Some people seem perfectly fine with this. In fact, if you polled a lot of pastors in Evangelical churches, you’d find that most of them think everything’s just fine and dandy. Actually, George Barna’s already done that polling. Sure enough, he’s found that few male leaders in the Church today are alarmed that men have largely handed over the reins of spiritual leadership in church and household to the ladies.

Something has to give for the proper order to be restored.

In the last few weeks, I’ve been engaging the readers of a few other blogs that have linked to my posts on these issues of money, ministry, work, and economics. What I’m finding is a total inability to question the status quo on these issues and to ask what the true Christian response might be. We have become so fused to our way of living that even if that way of living cannot be reconciled with genuine discipleship, we’ll forgo the discipleship before we give up the lifestyle. How that’s going to play before God is beyond me.

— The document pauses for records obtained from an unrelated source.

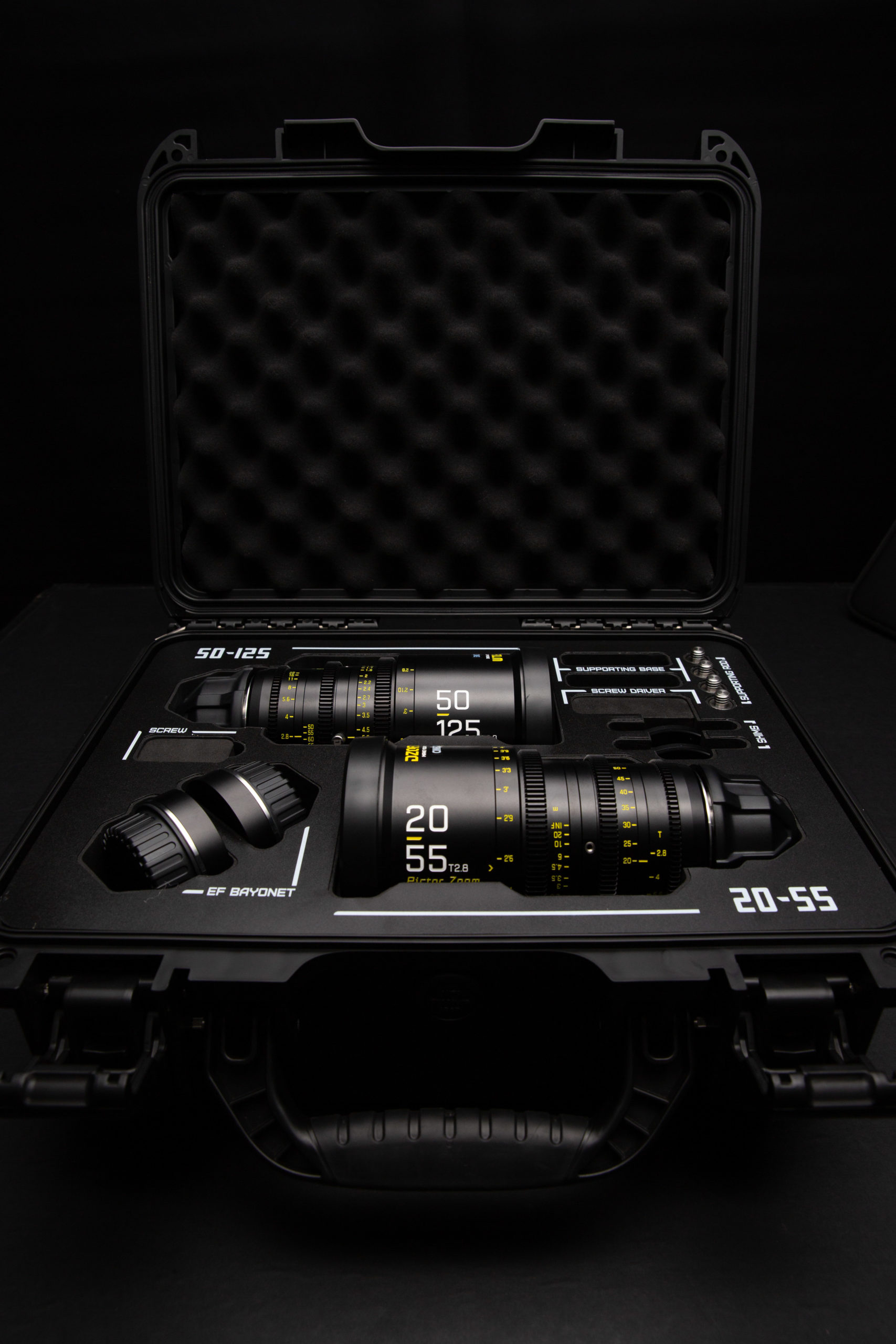 dzo_film_pictor_zoom_20-55_t29_mieten_leihen_1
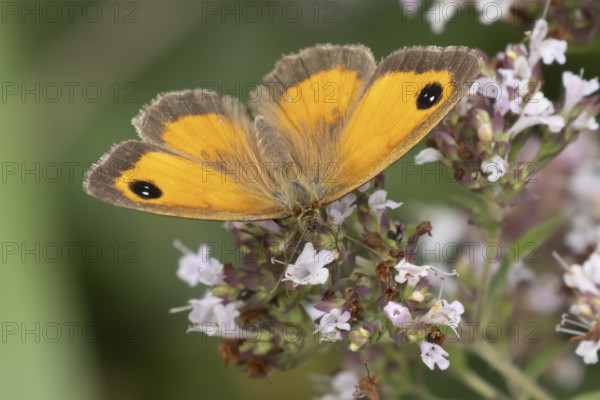 Gatekeeper butterfly (Pyronia tithonus) adult insect feeding on garden wild marjoram or oregano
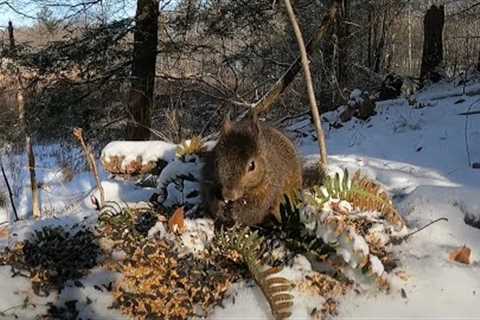 Sunday Morning Brunch for Forest Squirrels - 10 Hours - Jan 02, 2022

I’m convinced that the only way the Church in America is going to catch blaze like the church in the Third World is if we radically rethink every part of how we live. This may seem like the same chronic drum I’ve been beating for years on this blog, but unless we change, we will definitely become irrelevant. Our cultural conditioning will extinguish our lampstand and God will remove that lampstand to whatever place is willing to keep it ablaze. That removal may already be in process.

Here’s 10 questions I ask you:

  • How do we break this pattern of living that reinforces the five issues I raise above?
  • What does a truly countercultural Christianity in America 2008 look like?
  • What can we do to not only break the hold our jobs have on our spiritual lives, but replace our current ideas of employment with genuinely Christian models?
  • What would those models of work look like when practically enabled?
  • What do you believe are the rewards for faithfulness that we are failing to emphasize in our churches today, rewards that appeal to men as much as to women?
  • What must we do to encourage our leadership to go deeper?
  • How does the average American Evangelical man take back his proper position as spiritual leader?
  • What tools is that man lacking that he will need to be all God intended?
  • How do we sharpen those tools?
  • What is the first step toward making these changes?

Thanks for your input. Have a blessed weekend.